Now there are 13,000 community members, 60 volunteers, 25 regional groups, three international ones and a mums’ group too. Not bad for something that began as a night out on a hillside for a small group of friends.
They are not the only women’s group to have seen phenomenal growth. “I didn’t come from an outdoorsy background,” says Bex Band, founder of Love Her Wild, another UK-based non-profit adventure community. “But after hiking in Israel I wanted to do more in Britain. I started a Facebook group, hoping to connect and learn skills with other like-minded women, and it just snowballed – growing massively since the pandemic. Now we have more than 50,000 Wilders spread over 40 regional groups in Britain.”
After conducting a survey of members, Band found the main barriers to women getting into the outdoors are lack of confidence and concerns over safety. The women I camped out with in the Chilterns echoed these worries. Several said they would only be able to sleep knowing there was a group of us. One asked if someone would come with her if she woke up needing to pee in the night. Immediately her bivvy neighbour offered. It was a small gesture, but clearly meant a lot.
Reading through the comments and posts on Love Her Wild and Adventure Queens now, I can see that their strength lies in the online chat. No one feels too shy to ask how to put up a tent or deal with a period on an adventure; it’s like tapping into a massive book of cheerleading contacts, instantly.
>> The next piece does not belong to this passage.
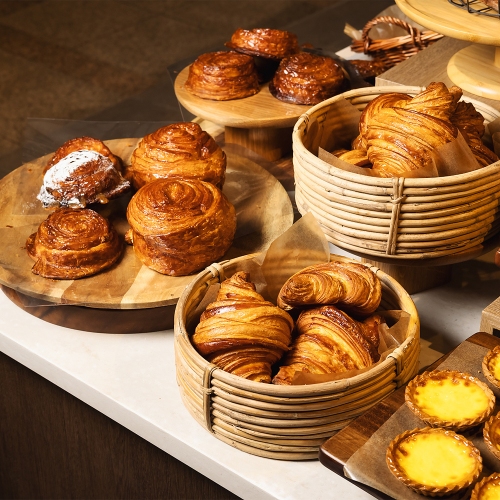 켄싱턴호텔&리조트 경주 프랑제리베이커리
Other women’s adventure communities include the Muslim Women’s Travel Group, started in 2015 by Sadia Ramzan. “Muslim women have more specific questions, such as food being halal, tolerance to wearing a hijab and being away from places that serve alcohol,” she says. “It was a great way of making friends and asking questions.” Now her Facebook group has more than 27,000 followers and she runs overseas trips – two this year are already sold out.
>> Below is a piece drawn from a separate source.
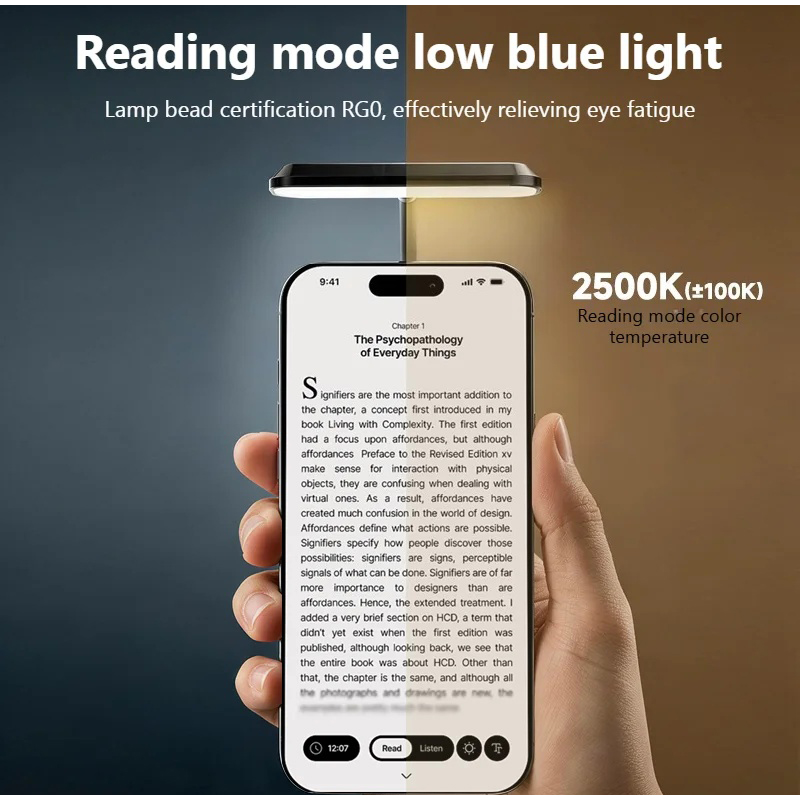 Lampu Isi Daya Magnetik Fleksi - Book Light Flexible ulasan dan harga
Gutsy Girls was established five years ago by Natalie Bannister, who moved to London, felt isolated and decided to form a group on Meetup. It started with six women meeting to try standup paddleboarding in the capital, and has grown to the point where Natalie runs it full-time. In 2022 she took 1,000 women on 400 trips in Europe, and 266 in the UK.
In the Chilterns, when I woke up the next morning, just as dawn was starting to illuminate the inner green walls of my bivvy bag, Anna had already fired up the camping stove and offered me a coffee. As I sipped my brew I again felt warmed, by the gesture and the drink.
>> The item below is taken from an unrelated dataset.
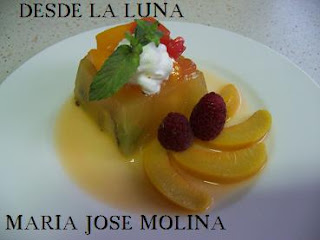 Gelatina De Frutas
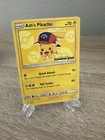 Ash's Pikachu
Many of these groups, which also include Black Girls Hike (which started in 2019 as a walking group and has grown to become a certified training provider, offering trips overseas), have seen their membership grow by thousands, but others are choosing to remain small and simple.
Sarah Gerrish started Wonderful Wild Women in 2016 when she moved back to Cumbria with her young family and didn’t have anyone to enjoy the outdoors with. She started on Instagram, inviting others to meet for coffee and, if they liked, a wild swim. This became a monthly event, along with trail runs, book club meets and skill sessions. Despite pressure to grow, especially recently, she has steadfastly decided to keep it local and free. “I just want to shine a light on normal, everyday women who have families, jobs and responsibilities,” she says.
That morning on the hillside, with my first group of female campmates, we spent at least an hour talking, our conversation moving seamlessly from how to fix a leaky bivvy bag to identifying the red kites flying overhead, and complaining about the lack of trains to where we wanted to go on a Saturday. People asked me what I was doing next, and seemed to be genuinely rooting for me when I told them my goals. I had arrived a sceptic but left feeling supported.
By the time we said our goodbyes, everyone was beaming – the newbies from surviving their first bivvy, the adventurers from sharing their skills, and me from finally finding a girls’ night out that could be friendly, not frightening.